#### Records supplied
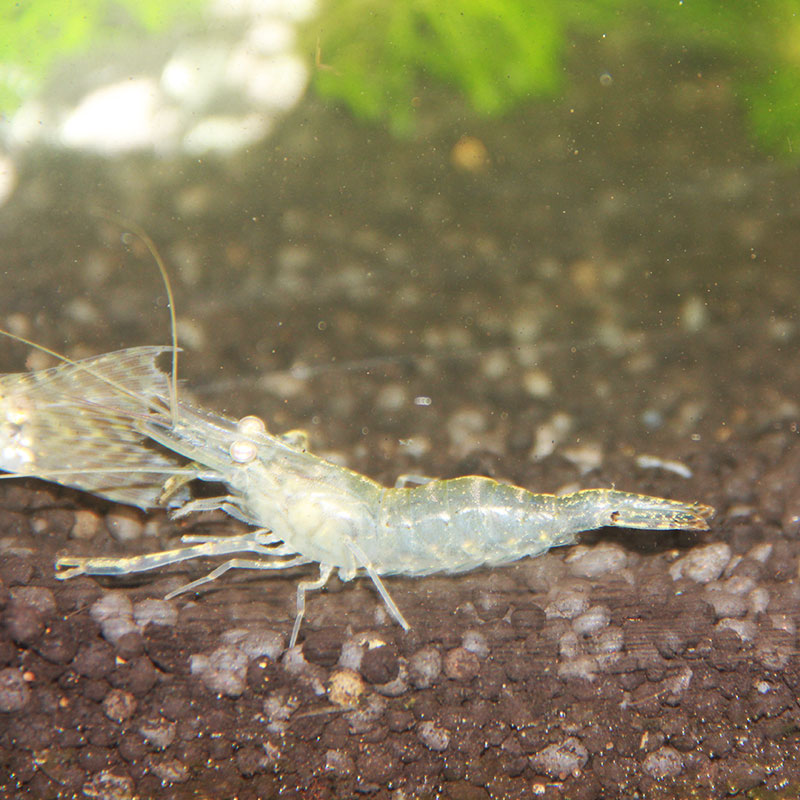 水族箱鱼缸活体宠物清洁工除藻虾中华长臂虾大眼贼工具虾观赏虾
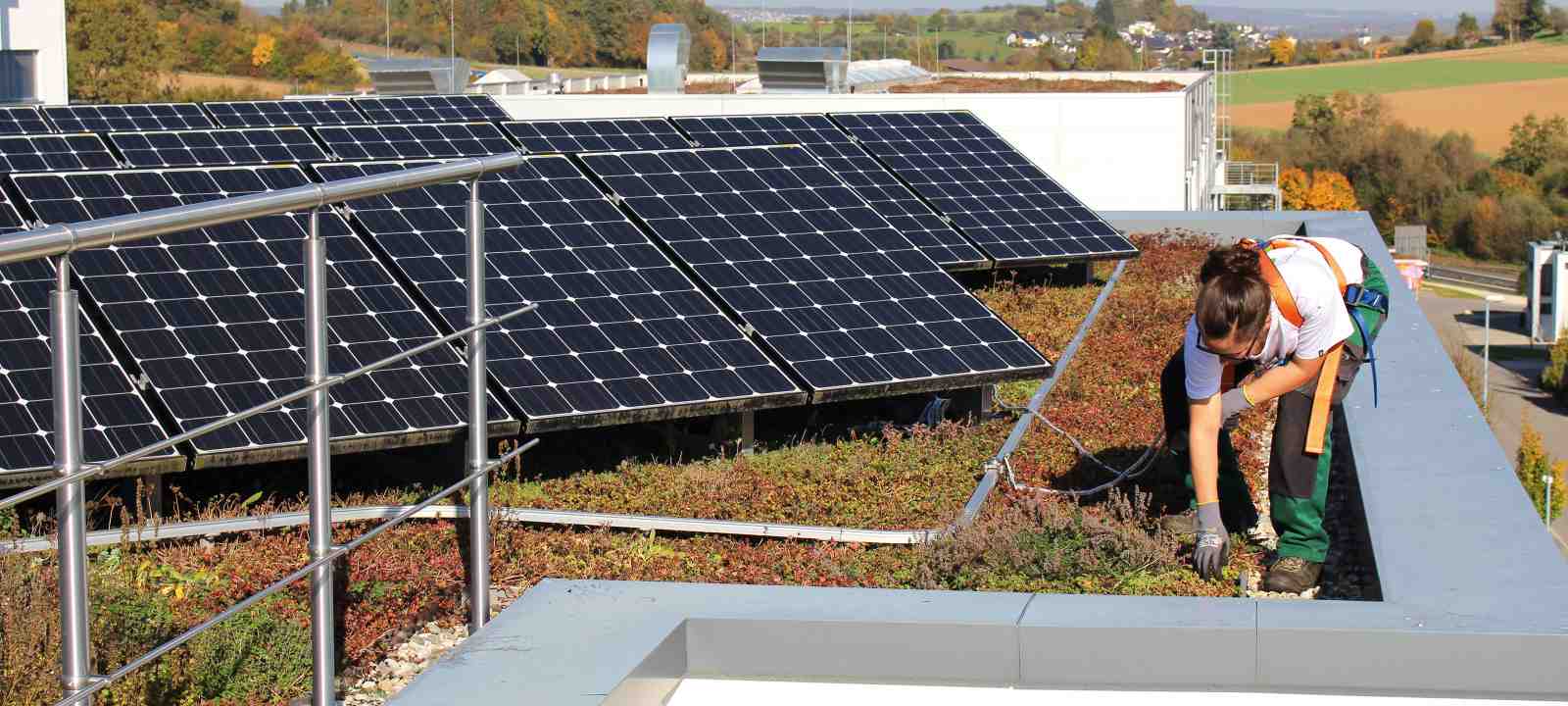 Person mit Fallnet® SB 200-Rail auf einem Gründach mit Photovoltaik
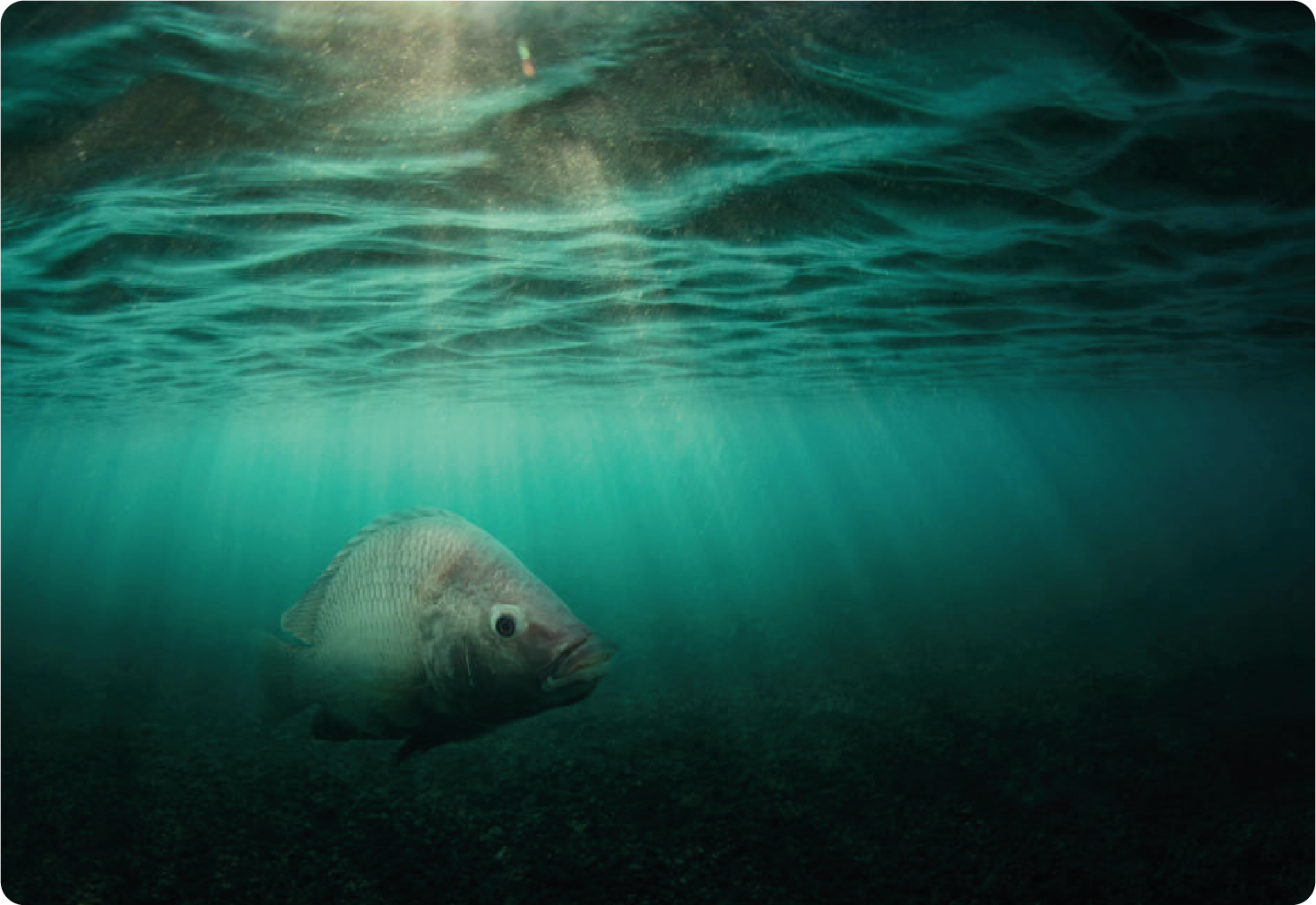 Footer fish - Spring Genetics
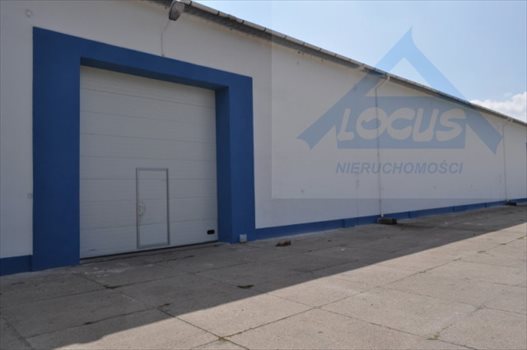 Lokal użytkowy na sprzedaż Nowy Konik 2 300m2 Foto 1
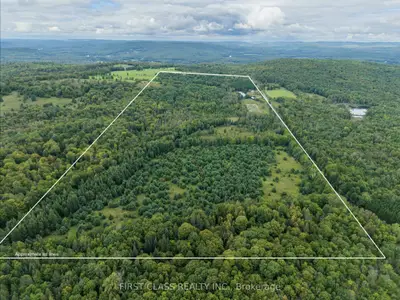 261 Wingle Road, Brudenell, Lyndoch And Raglan, On K0j 2e0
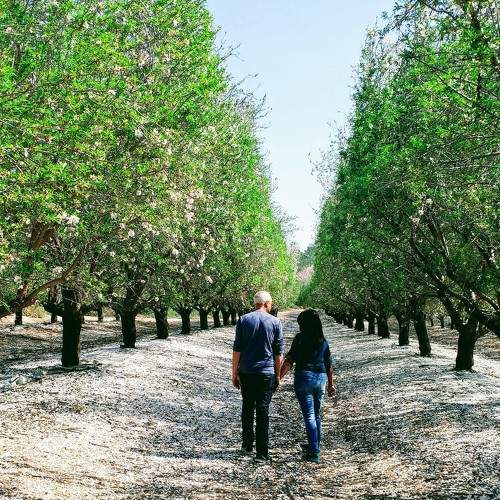 Photo #8894806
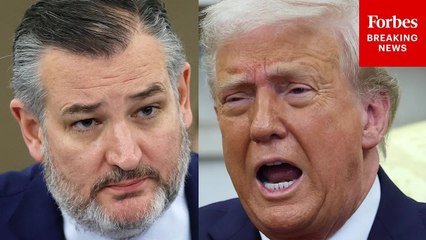 Ted Cruz Warns: Long-Term Tariffs Would 'Function As A De Facto Tax Increase' On Small Biz, Middle Class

#### Work task
The required result is an exact copy of the lines from the line containing "Person mit Fallnet®" through the end of the entries, with every picture left out.

#### Output below
 Person mit Fallnet® SB 200-Rail auf einem Gründach mit Photovoltaik
 Footer fish - Spring Genetics
 Lokal użytkowy na sprzedaż Nowy Konik 2 300m2 Foto 1
 261 Wingle Road, Brudenell, Lyndoch And Raglan, On K0j 2e0
 Photo #8894806
 Ted Cruz Warns: Long-Term Tariffs Would 'Function As A De Facto Tax Increase' On Small Biz, Middle Class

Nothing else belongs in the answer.